At-Large member of Allegheny County Council
- Incumbent
- Assumed office January 2, 2020
- Preceded by: John DeFazio

Personal details
- Born: November 12, 1989 (age 35)
- Political party: Democratic
- Education: Duquesne University
- Website: https://www.bethanyhallam.com

= Bethany Hallam =

American politician (born 1989)

Bethany Hallam is an American politician. Since 2020, she has served as one of two at-large members of Allegheny County Council.

==Early life==
Hallam grew up in Ross Township, and graduated from Duquesne University.

==Political career==
Hallam defeated a 20-year County Council incumbent, John DeFazio, in the 2019 Democratic primary, & secured the at-large seat in the following general election, making her one of a small number of formerly incarcerated people elected to office in the United States. She was sworn in on January 2nd, 2020.

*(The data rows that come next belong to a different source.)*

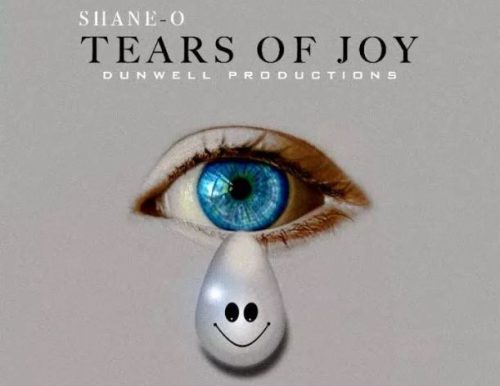 Shane O – Tears Of Joy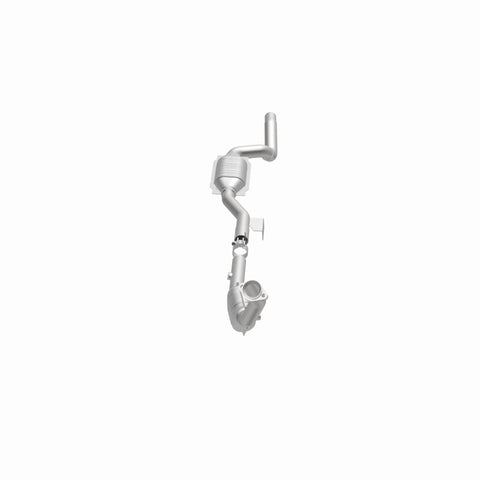 MagnaFlow Direct Fit Catalytic Converter 2003 ML350 3.7L Underbody - 52115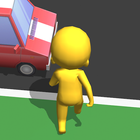 Road Race 3D icône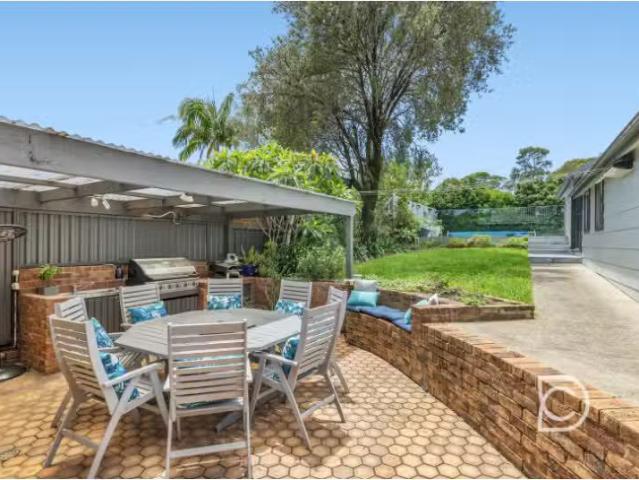 Cheap 179 Majors Bay Road, Concord House for rent Listed by L.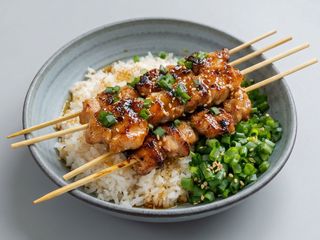 Yakitori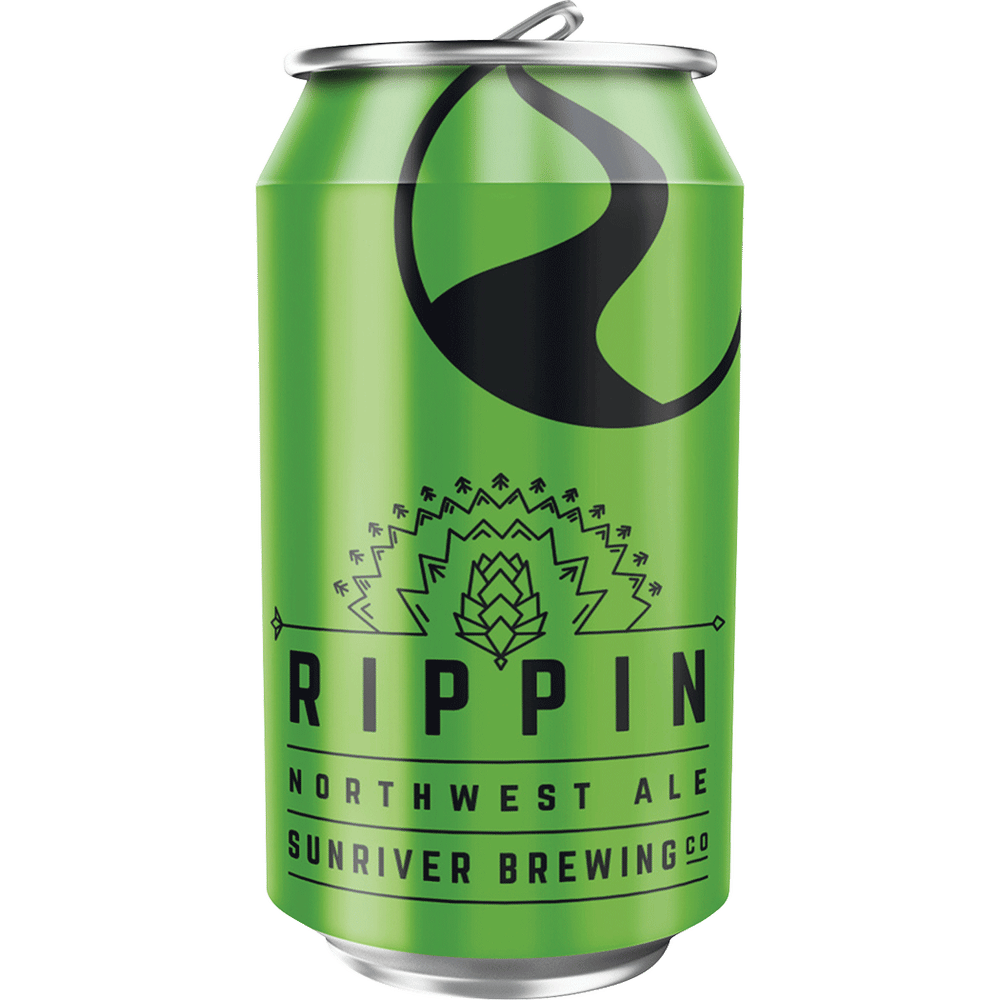 Sunriver Rippin NW Ale
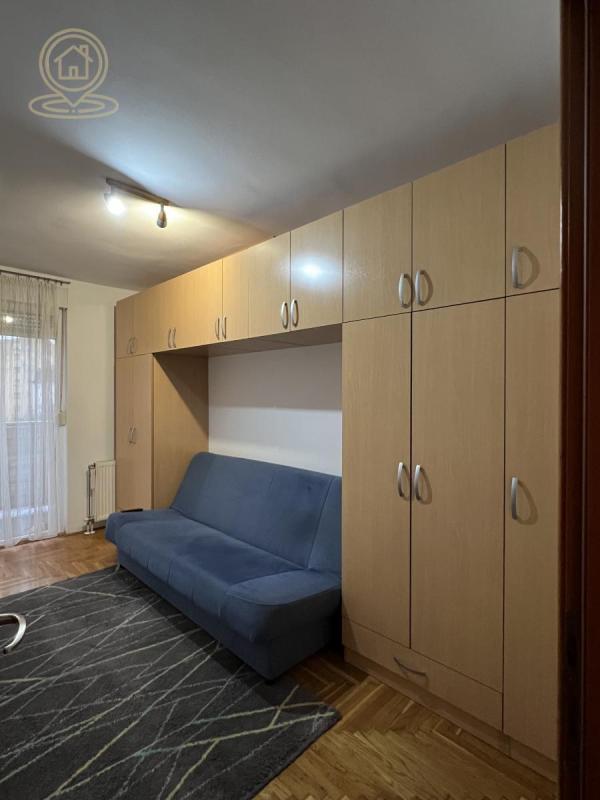 Slika 3 - Dvosoban stan za izdavanje, 47m2, 500€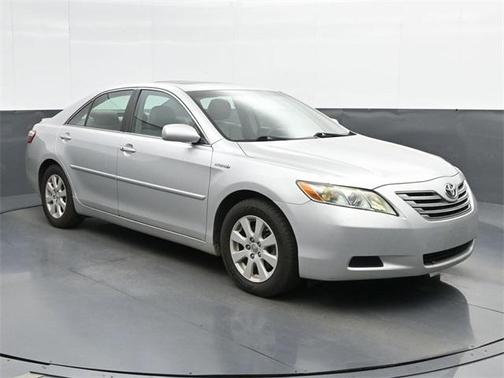 2009 Toyota Camry Hybrid Base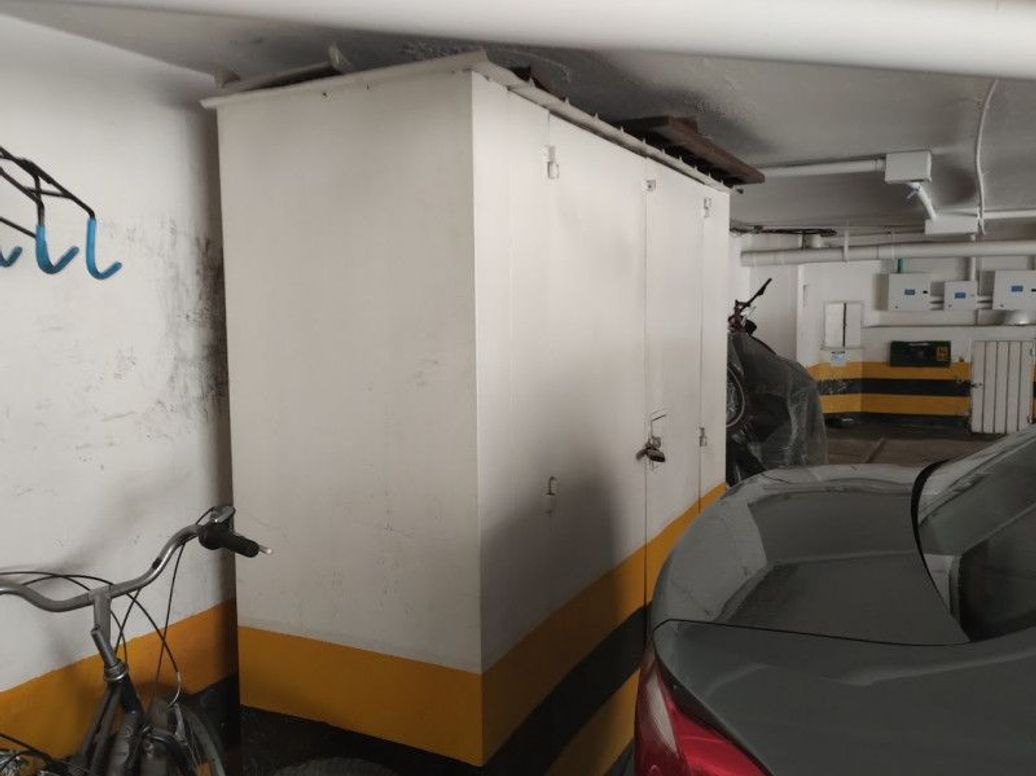 Apartamento de 3 alcobas en venta en La Castellana, Bogotá, 104 m² · foto 11 de 12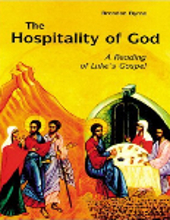 THE HOSPITALITY OF GOD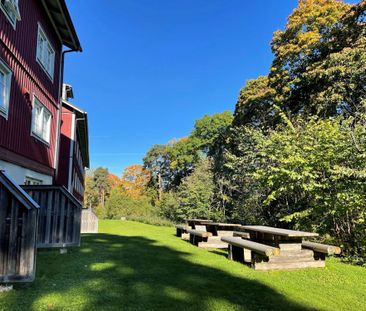 Eklundshovsvägen 4 B, 75237, Uppsala - Foto 1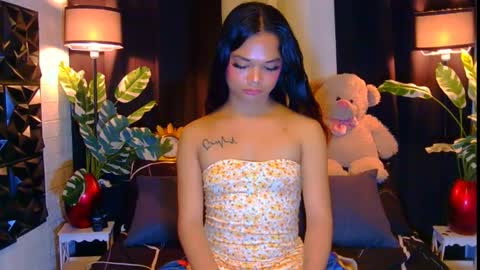 rondina online show from November 21, 2025, 2:05 pm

Hallam has been an advocate for a number of causes including criminal justice reform, criminal justice fine & fee reform, abolition of cash bail, harm reduction, and increasing the availability of substance use disorder recovery programs. She is known for her willingness to engage with people who disagree with her.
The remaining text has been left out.